A journal written from 1936 to 1944 by a German man who hated the Nazis. Just started it myself. Chillingly honest....

PufPuf23

(9,233 posts)
3. They Thought They Were Free: The Germans 1933-45 (Mayer)
Fri Nov 18, 2016, 04:21 PM
Nov 2016

by Milton Mayer.

Classic book of Germans that were not overt Hitler followers to start but who became followers and their the slide into fascism and horror.


https://www.amazon.com/They-Thought-Were-Free-Germans-ebook/dp/B00D4M89A4/ref=sr_1_1?s=books&ie=UTF8&qid=1479503770&sr=1-1&keywords=They+thought+they+were+free


>First published in 1955, They Thought They Were Free is an eloquent and provocative examination of the development of fascism in Germany. Mayer’s book is a study of ten Germans and their lives from 1933-45, based on interviews he conducted after the war when he lived in Germany. Mayer had a position as a research professor at the University of Frankfurt and lived in a nearby small Hessian town which he disguised with the name “Kronenberg.” “These ten men were not men of distinction,” Mayer noted, but they had been members of the Nazi Party; Mayer wanted to discover what had made them Nazis.

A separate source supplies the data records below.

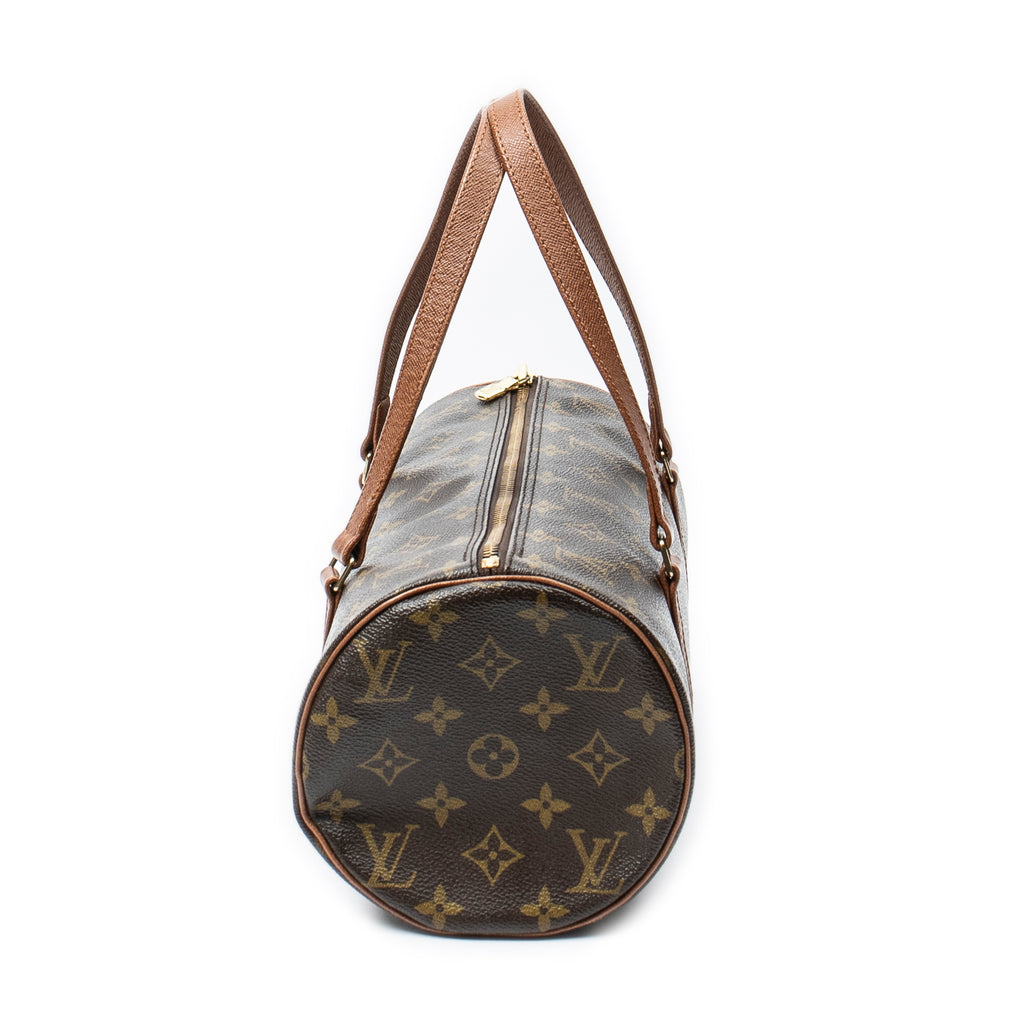 Handbag Papillon 30 Brown Monogram Canvas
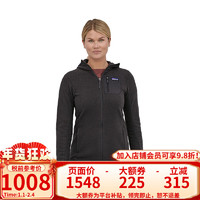 巴塔哥尼亚（Patagonia）Patagonia巴塔哥尼亚女R1 Air 秋冬连帽抓绒衣夹克40260 BLK-黑色 L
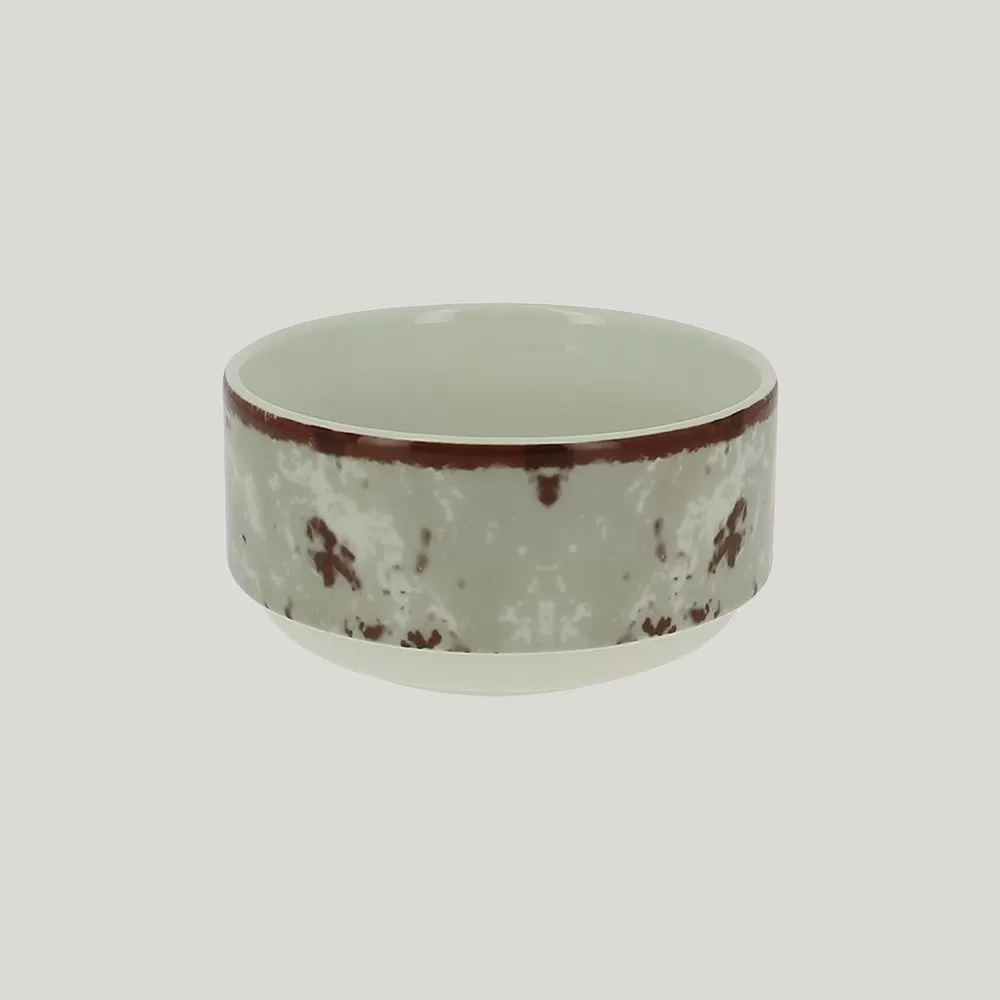 Салатник RAK Porcelain Peppery круглый штабелируемый 300 мл, d 10 см, серый цвет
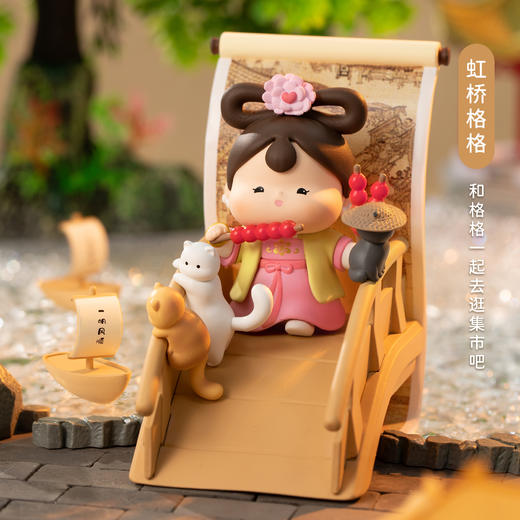 【故宫盲盒】饱格格名画记系列盲盒博物馆文创摆件潮玩生日礼物 商品图3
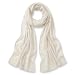 TigerTie Damen Chiffon Schal Halstuch – Luftig und angenehm zu tragen – 160 x 36 cm, creme beige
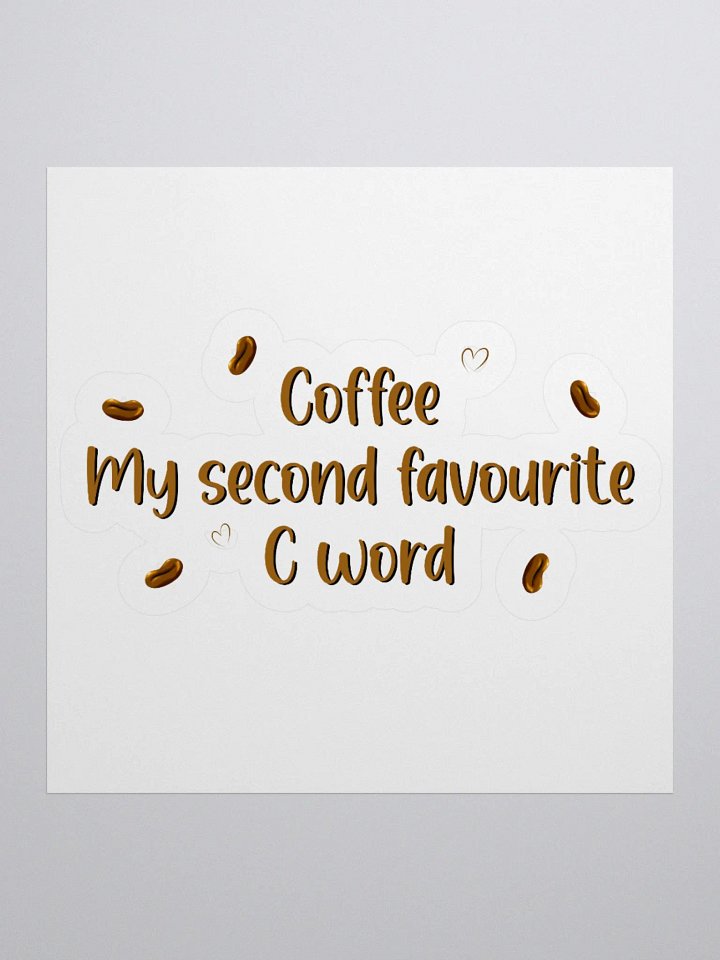 The C word Stickers product image (3)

“What happened here was the gradual habituation of the people, little by little, to being governed by surprise; to receiving decisions deliberated in secret; to believing that the situation was so complicated that the government had to act on information which the people could not understand, or so dangerous that, even if the people could not understand it, it could not be released because of national security. And their sense of identification with Hitler, their trust in him, made it easier to widen this gap and reassured those who would otherwise have worried about it.”--from Chapter 13, “But Then It Was Too Late”<



PoindexterOglethorpe

(26,727 posts)
6. While not exactly what you're asking for,
Tue Jan 24, 2017, 06:01 PM
Jan 2017

the following two books might be of interest:

In the Garden of Beasts by Erik Larson is about the first American Ambassador to Nazi Germany. Chilling and fascination.

A Train in Winter by Caroline Moorehead is about some 230 French women who were in the Resistance, who were caught by the Nazis and sent off to the death camps in January of 1943. This one is heartbreaking because of the horrors of the death camps.

Again, I know that these are not what you've asked for, but they touch on both those themes.